2. Anche la parola inciucio comincia con la medesima preposizione in, come intrallazzo. E anche questa volta trova riscontro nel vocabolario del siciliano, come vedremo. La differenza consiste nella storia delle due parole, che è totalmente diversa e comincia in secoli diversi tra loro distanti. Inciucio la troviamo adoperata in scritture dialettali siciliane del Settecento e la ritroviamo accolta, tra l’altro, nel “Dizionario Siciliano-Italiano di Giuseppe Biundi, edito a Palermo nel 1857. Ma, attenzione: quella che nei nostri giorni del linguaggio politico è una sola parola, in origine è stata frase significante composta da tre elementi, due dei quali ripetuti a ricreare onomatopeicamente la pratica del significato: in ciù-ciù, che significa sussurrato con circospezione (ciuciuliannu) all’orecchio, detto in un farfugliare circospetto, in ciuciulìu, da ciuciuliari (parlare a bassa voce e con circospezione in confidenza con qualcuno su un argomento che non sia il caso di far sentire ad altri).
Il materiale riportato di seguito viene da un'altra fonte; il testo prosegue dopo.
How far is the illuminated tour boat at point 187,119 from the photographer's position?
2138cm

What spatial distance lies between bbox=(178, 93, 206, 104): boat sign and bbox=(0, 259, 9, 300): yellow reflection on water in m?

I dizionari della lingua italiana non ci mettono molta chiarezza nel classificare napoletana (??) la voce inciucio e nel precisare (esatto) che il linguaggio giornalistico dagli anni Novanta del secolo scorso assegna il significante al linguaggio caro ai pateracchi politici. Nulla da eccepire? Forse si, salvo la minima osservazione che potrebbe ridare al dialetto siciliano la primazia e alla evoluzione del significato assunto dalla voce passata del dialetto siciliano e dal semplice in ciù-ciù della sua origine allusiva di estrema riservatezza privata, a rappresentare una bastardata pubblica, un mal’ibridare, un accoppiarsi osceno, “innaturale” di partiti politici con programmi e ideologie diverse. La stessa parola, in origine allusiva di un sussurrare circospetto, riservato e spesso persino pudico, è divenuta voce pubblica, manifestazione d’incoerenza politica, strumentalismo, disdicevole machiavelleria, voce però praticata da quelli stessi che la pronunciano con atteggiamento di nausea.